She had had the most awful dream, that everything that could have gone wrong had gone wrong. It was lingering with her still, an anxious twist in her stomach. She raised a hand to touch her belly.
The chain locking her wrist to the bed frame rattled loudly.
Katara opened her eyes. The room was dimly lit by an electric lantern mounted on one wall. Across from the narrow cot on which she lay, there was a steel door with a tiny viewing window. There was an empty shelf built out from the wall beside her bed, and nothing else.
She let her head fall back on the stiff pillow, tired from holding it up long enough to look around. The ceiling above was dull steel. Like the walls. And the floor. But in the center of the ceiling there was a small vent that blew in a steady stream of warm air.

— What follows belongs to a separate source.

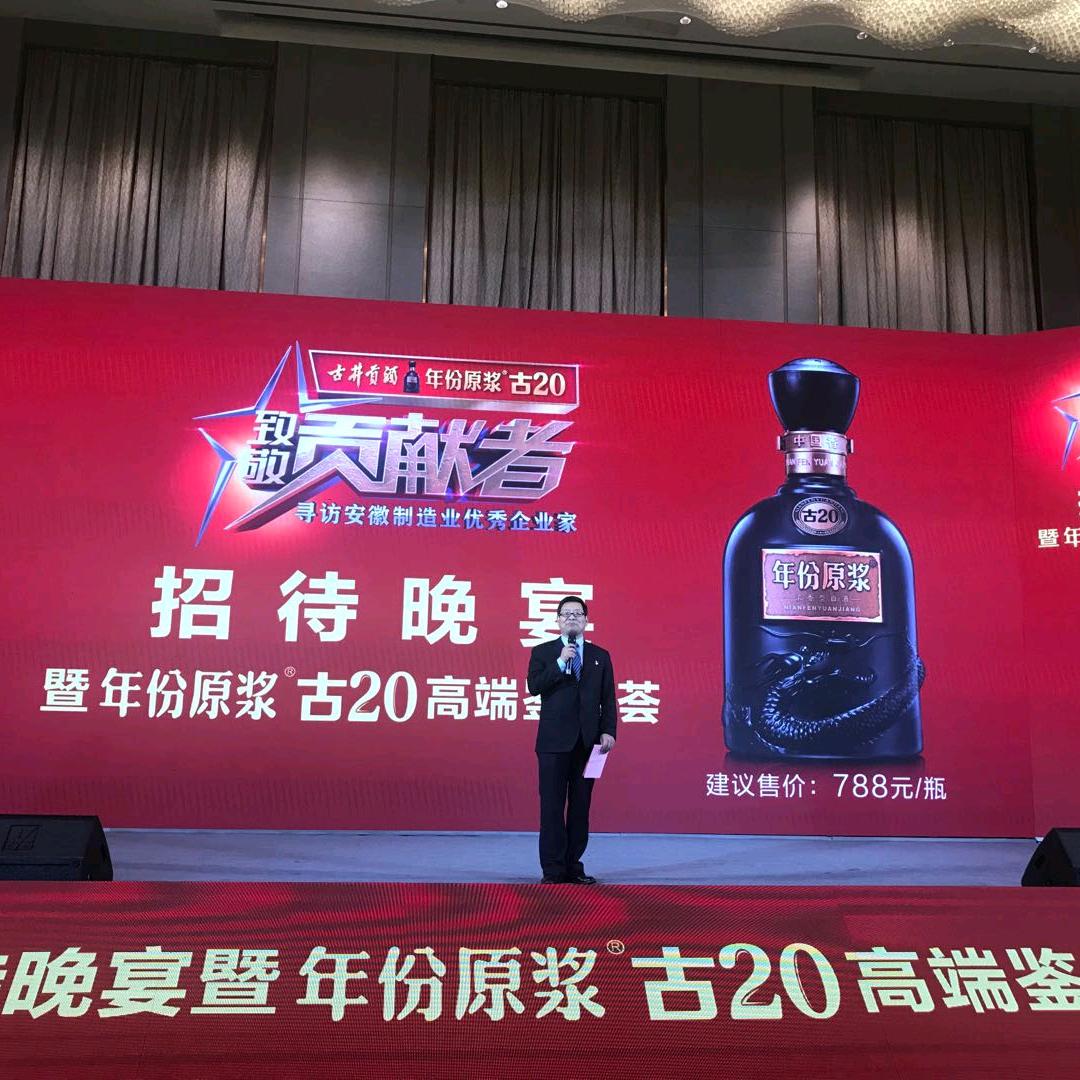 马三瓶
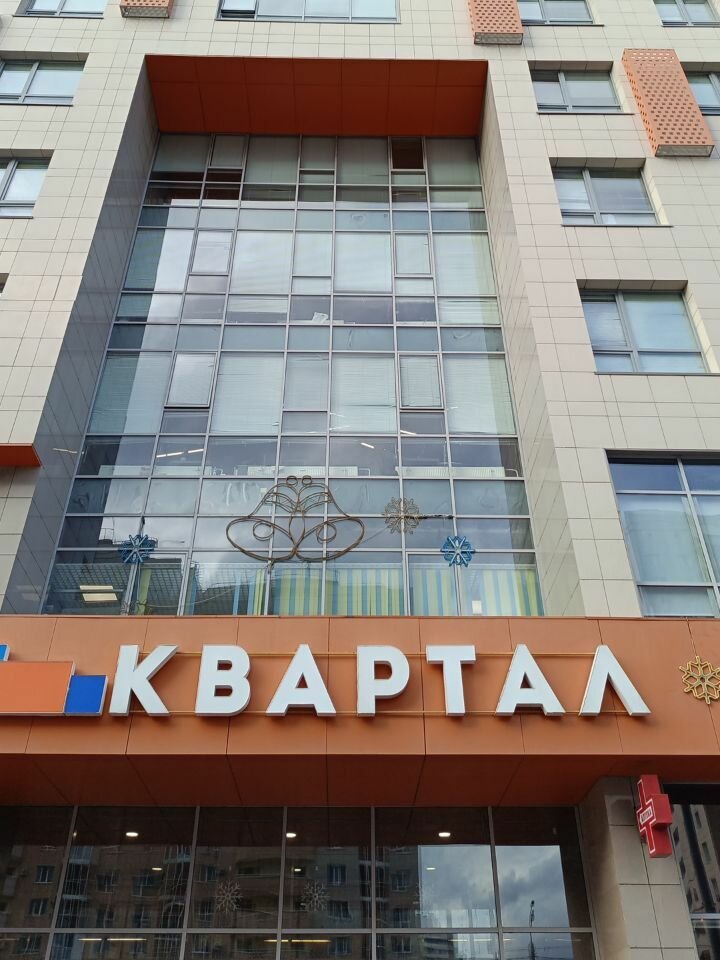 Power bank rental Energo, Kazan, photo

Staring at that, Katara began to rack up a careful list of things she knew were true. She had been captured by the Fire Nation. She was on a ship, a very big one. She had been hurt very badly. There had been a fight… on a beach.
Katara shut her eyes and gritted her teeth against a wave of dizzying pain. She pulled against her bonds. Where was Sokka? Where were Hakoda and Toph and Aang and all the others? Where was-?
Zuko. Katara went slack and stared at the ceiling. It hadn't been a dream. Everything that could have gone wrong had gone wrong. Her eyes began to well up.
There was a clank and a shuffle and then the door swung open. Katara scrubbed her face dry against the shoulder of the rough gown she was wearing, then looked to see a woman come in carrying a tray with a bowl and a cup. She stopped in the doorway when she saw Katara awake and stared with wide blue eyes.
Katara broke out a big smile, flooded with relief to see a Water Tribe face despite the Fire Nation clothes. "Hi," she croaked, then cleared her throat. "Will you help me? I need to find my family."
The woman hesitated a moment longer, then strode briskly to the shelf beside the bed to set the tray down. "I don't know anything about any others. You're the only one they brought to me. You need to sit up and eat," she said, a faint tremor in her voice.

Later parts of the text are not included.